Liz Coleman's Call To Reinvent Liberal Arts Education
Susan notes: Thanks to TED for making TED Talks downloadable and embeddable, and for providing the biographical information that goes along with them.
Bennington president Liz Coleman delivers a call-to-arms for radical reform in higher education. Bucking the trend to push students toward increasingly narrow areas of study, she proposes a truly cross-disciplinary education -- one that dynamically combines all areas of study to address the great problems of our day.

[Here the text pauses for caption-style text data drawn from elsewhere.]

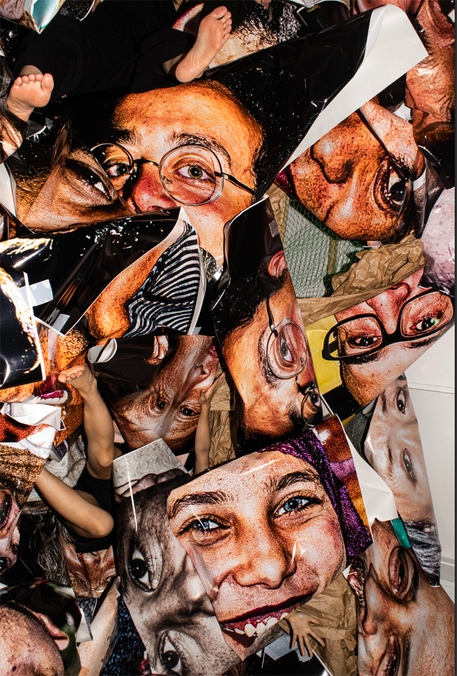 Ryu Ika(中国、1994)　《The Second Seeing_Back Stage2》2020　(C)Ryu Ika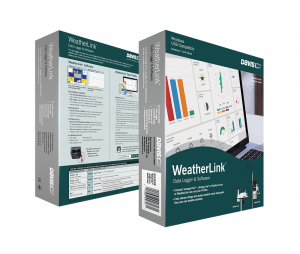 亿杰仪表WeatherLink软件和数据记录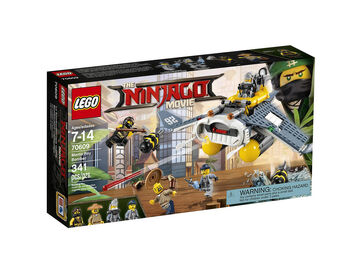 フィギュア　15体セット 70609 Manta Ray Bomber | Ninjago Wiki | Fandom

If you followed higher education news in the 1990s, you have an opinion on Liz Coleman. The president of what was once the most expensive college in America, Coleman made a radical, controversial plan to snap the college out of a budget and mission slump -- by ending the tenure system, abolishing academic divisions and yes, firing a lot of professors. It was not a period without drama.

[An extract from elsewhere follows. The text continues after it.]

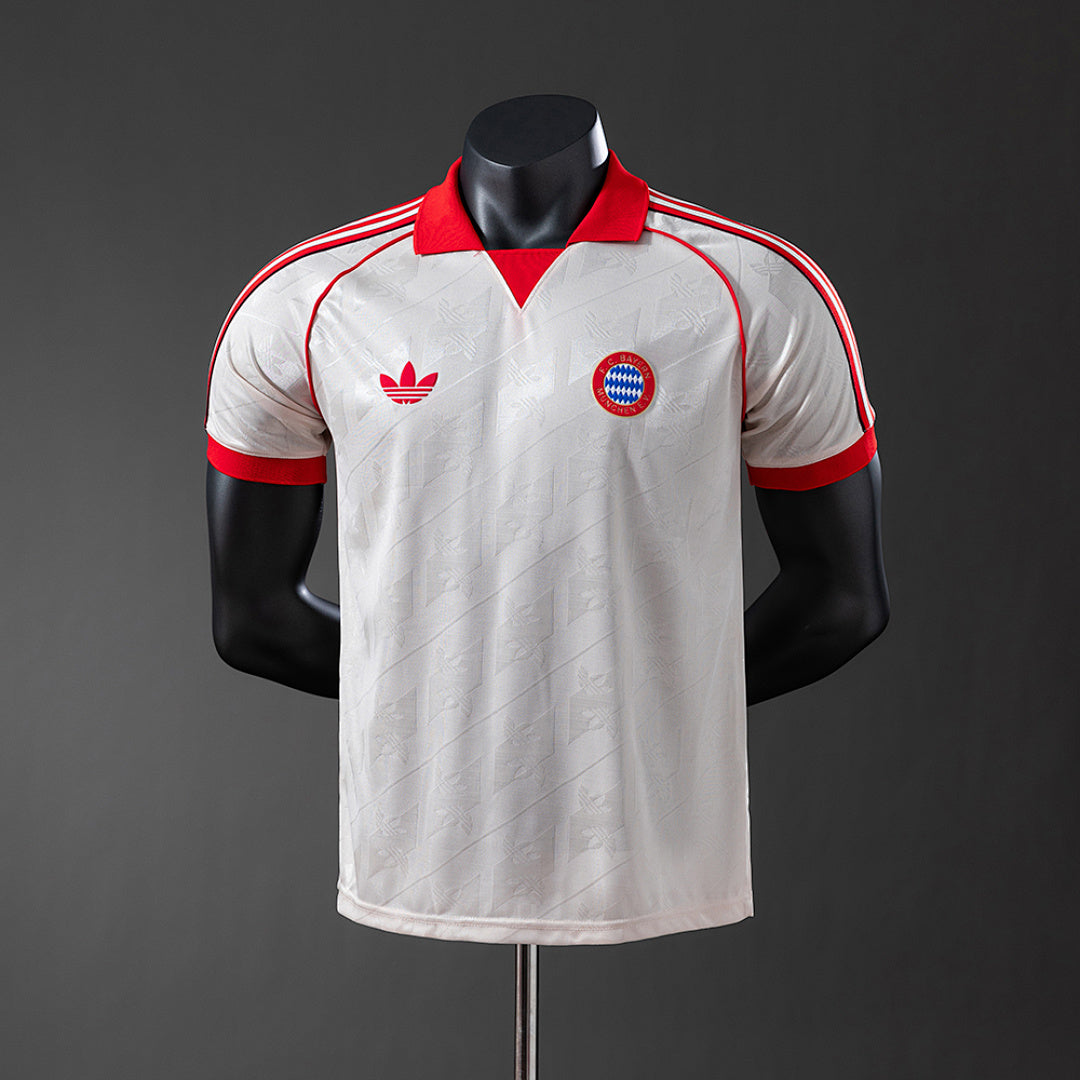Camisa Bayern Munich Retrô Versão Jogador 24/25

But fifteen years on, it appears that the move has paid off. Bennington's emphasis on cross-disciplinary, hands-on learning has attracted capacity classes to the small college, and has built a vibrant environment for a new kind of learning.
Coleman's idea is that higher education is an active pursuit -- a performing art. Her vision calls for lots of one-on-one interactions between professor and student, deep engagement with primary sources, highly individual majors, and the destruction of the traditional academic department. It's a lofty goal that takes plenty of hard work to keep on course.